:: Given data ::

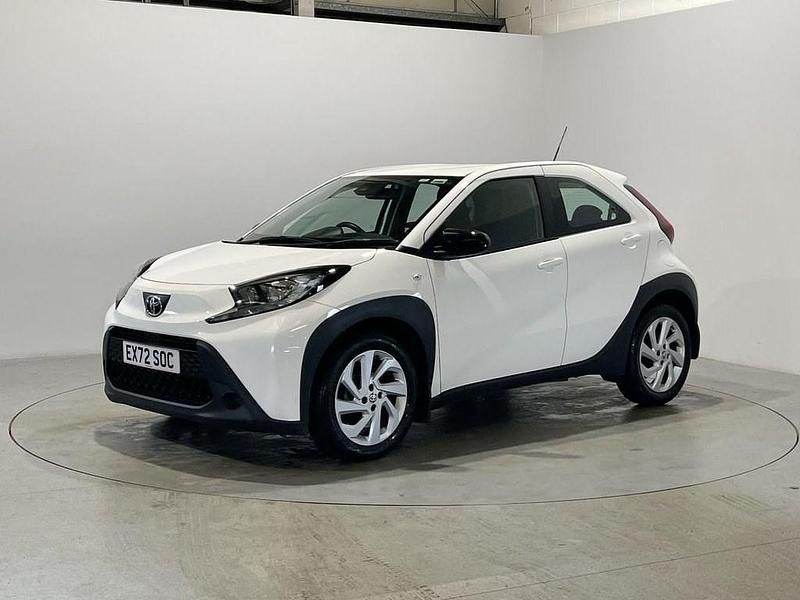 Used Toyota Aygo X PURE 72 HP (52 kW) 2022 White SUV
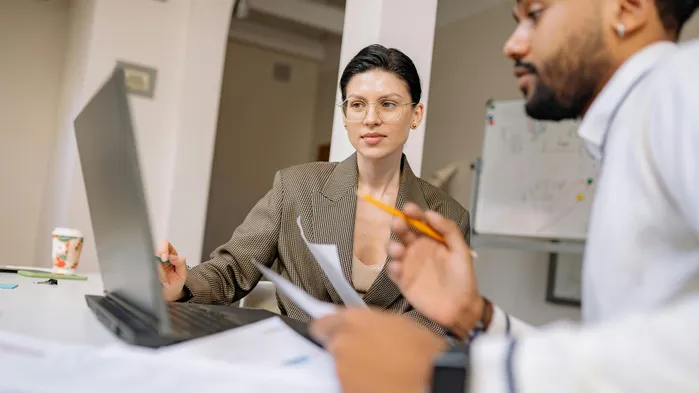 Бухгалтерский учет при расчетах с самозанятыми: документы, счета, проводки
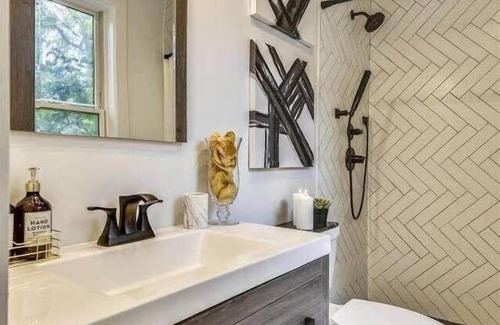 Jamaica Plain Apartment | Glamorous Luxury Apartment, Near T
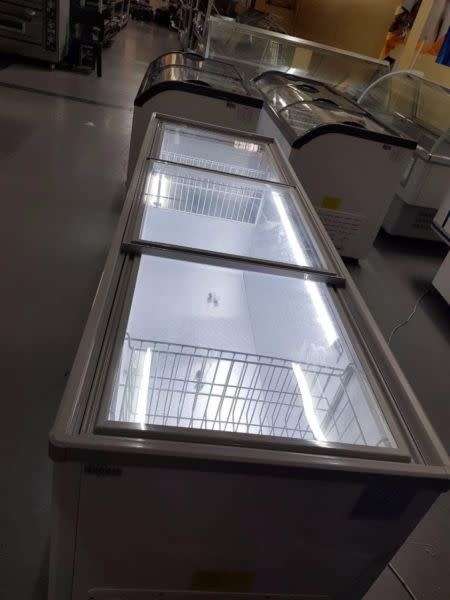 GLASS TOP FREEZER / ISLAND FREEZER / COMMERCIAL CHEST FREEZER / DISPLAY FREEZER / COMMERCIAL FRIDGE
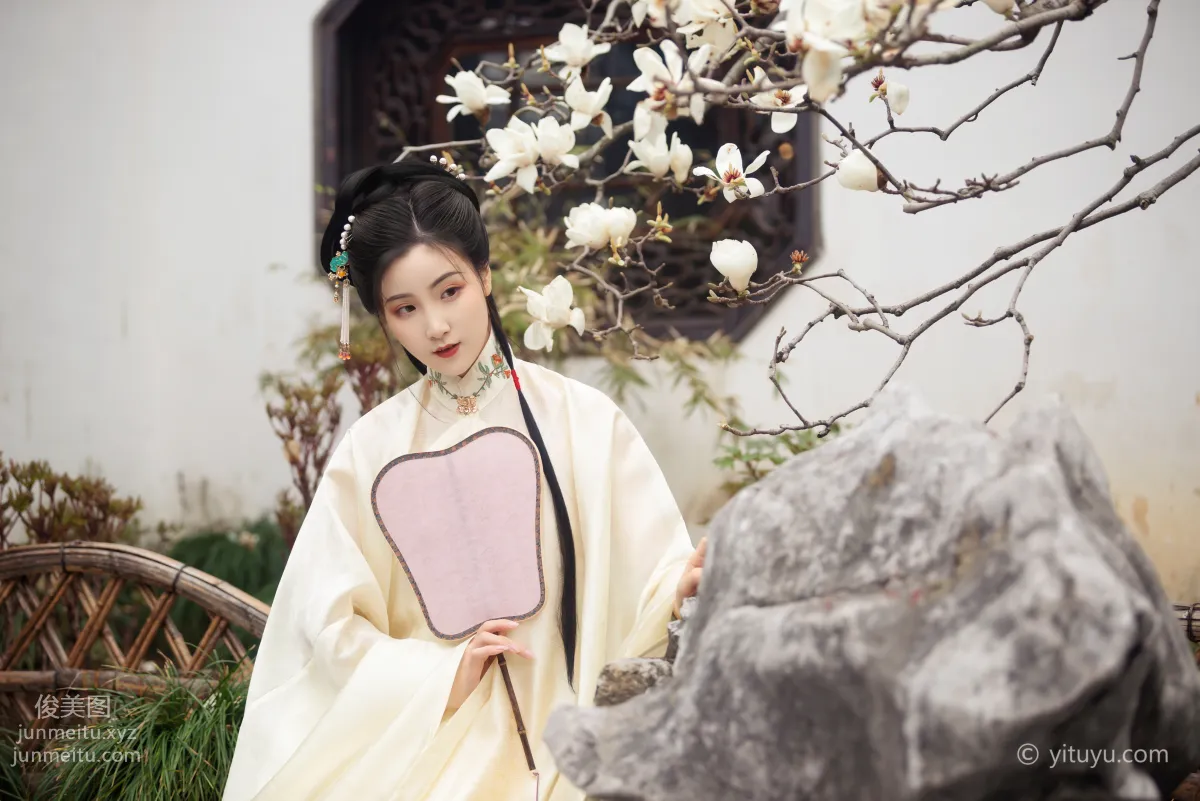 Jin Er: YiTuYu photo 9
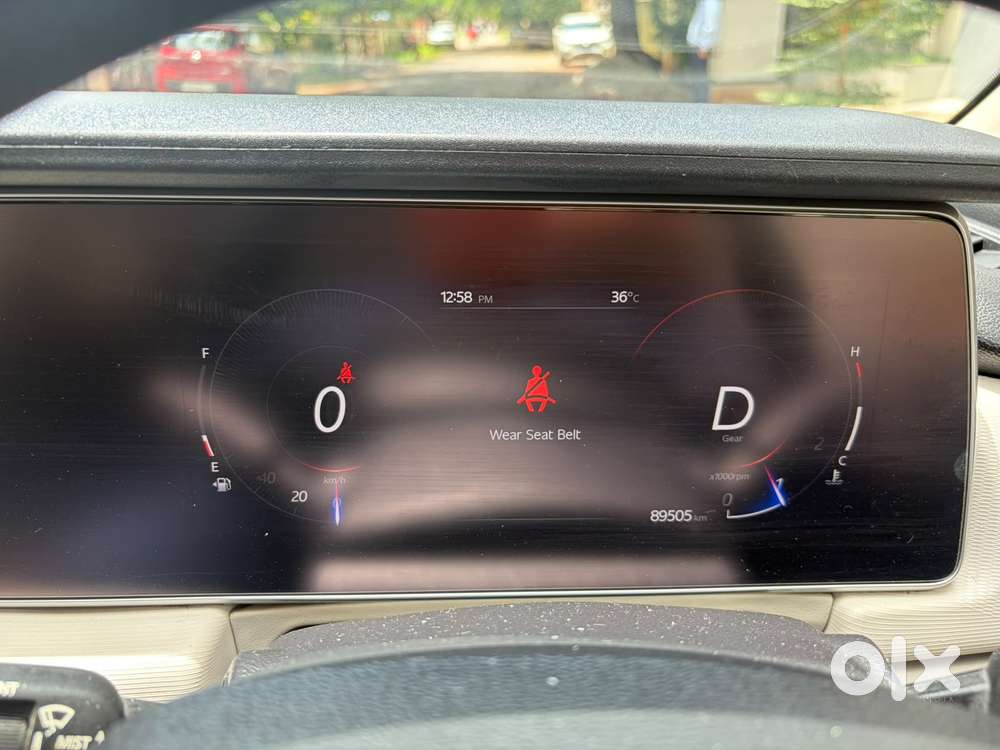 Mahindra Xuv700 2.2 Ax 5 Diesel At Str, 2022, Diesel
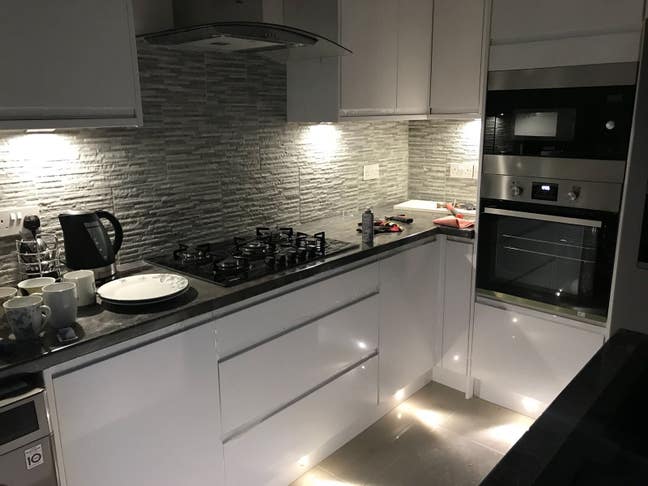 Custom House,(Zone 3)! Garden! Parking! Main Photo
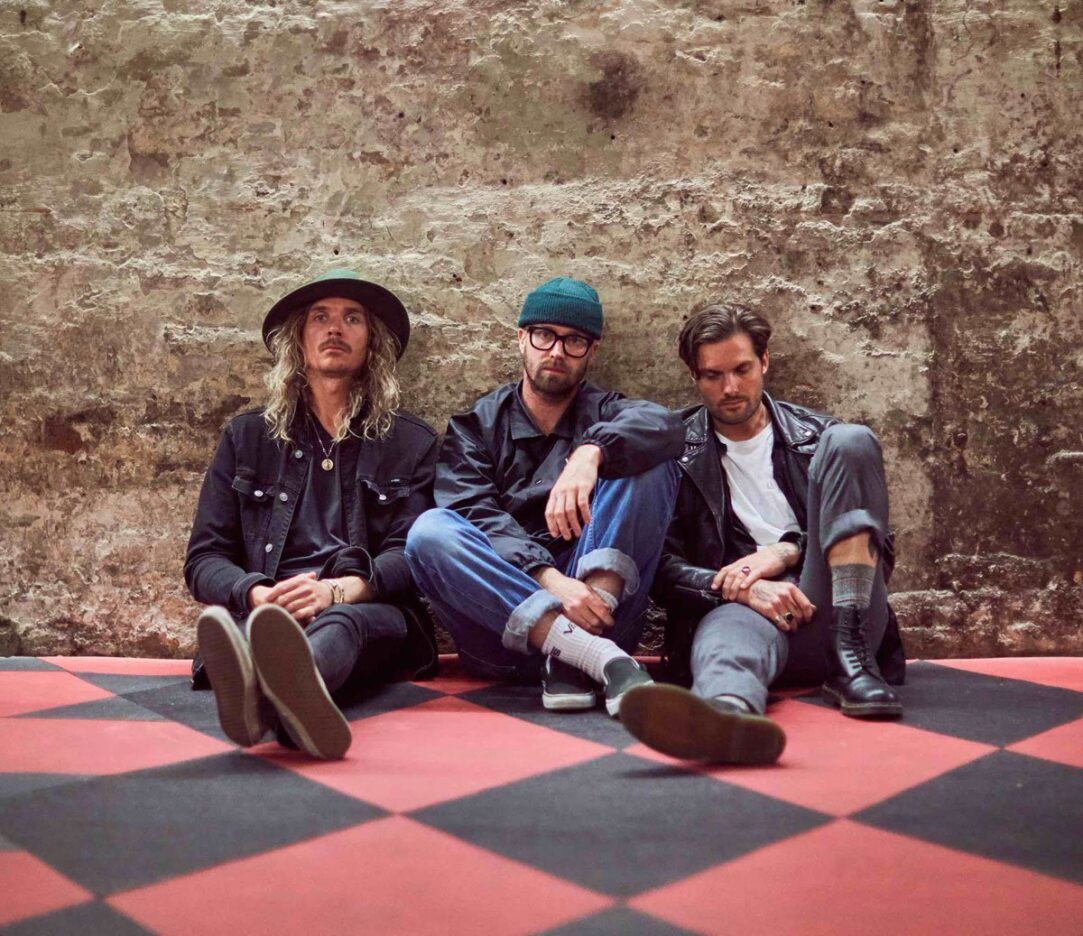 SUNSET SONS release new single ‘SUPERMAN’ ahead of 2nd album & UK Tour 1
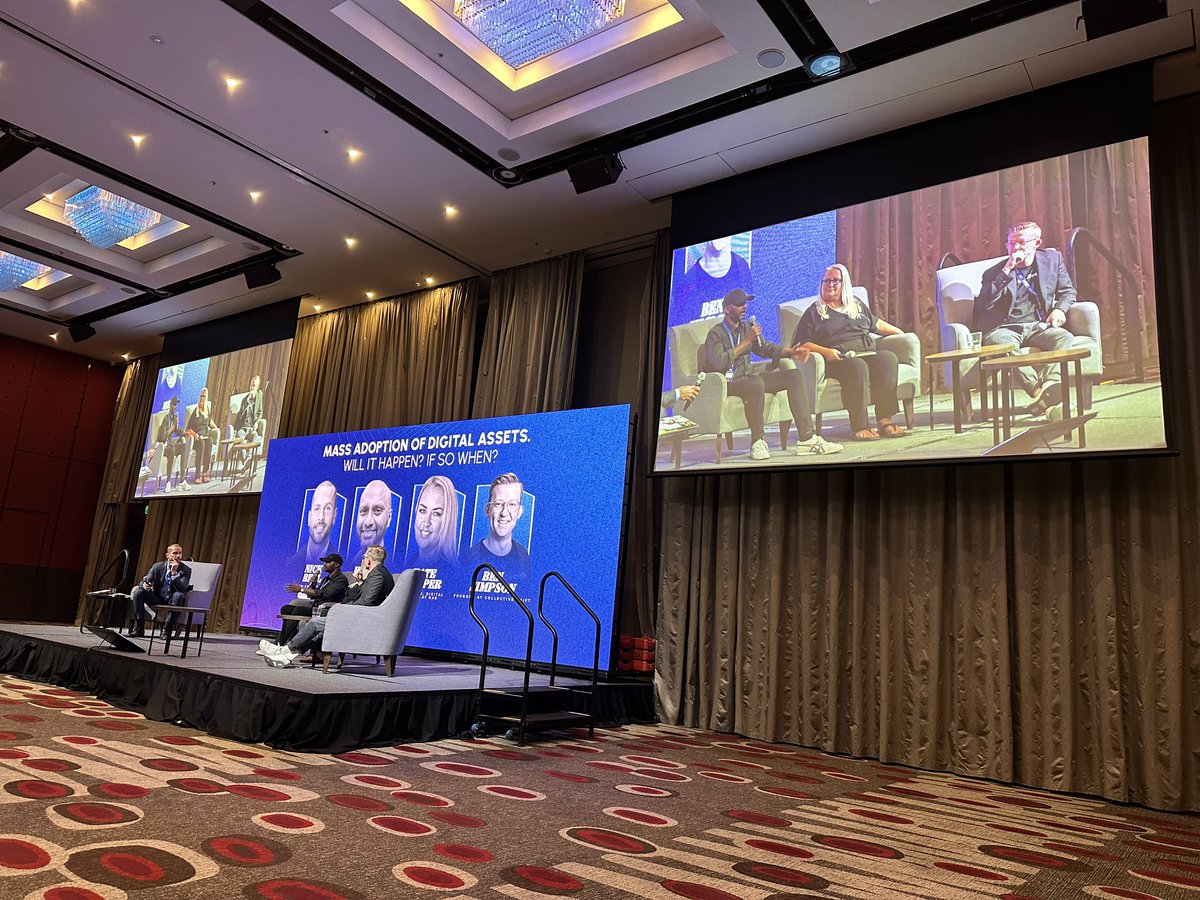lisateh_'s tweet photo. Mass adoption of crypto is happening right now. - @CatalystKarl at #cx3conference https://t.co/KRzERVvOO7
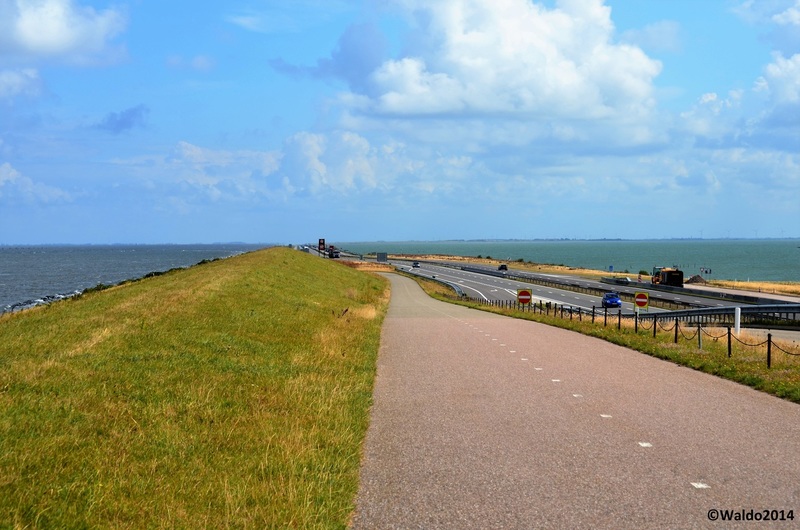 Afsluitdijk between Waddenzee and IJsselmeer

:::

▸ What the task requires: Reproduce exactly, without any picture, the lines from the one bearing "Jamaica Plain Apartment" to the last line of the records above.

▸ Exercise answer:
 Jamaica Plain Apartment | Glamorous Luxury Apartment, Near T
 GLASS TOP FREEZER / ISLAND FREEZER / COMMERCIAL CHEST FREEZER / DISPLAY FREEZER / COMMERCIAL FRIDGE
 Jin Er: YiTuYu photo 9
 Mahindra Xuv700 2.2 Ax 5 Diesel At Str, 2022, Diesel
 Custom House,(Zone 3)! Garden! Parking! Main Photo
 SUNSET SONS release new single ‘SUPERMAN’ ahead of 2nd album & UK Tour 1
lisateh_'s tweet photo. Mass adoption of crypto is happening right now. - @CatalystKarl at #cx3conference https://t.co/KRzERVvOO7
 Afsluitdijk between Waddenzee and IJsselmeer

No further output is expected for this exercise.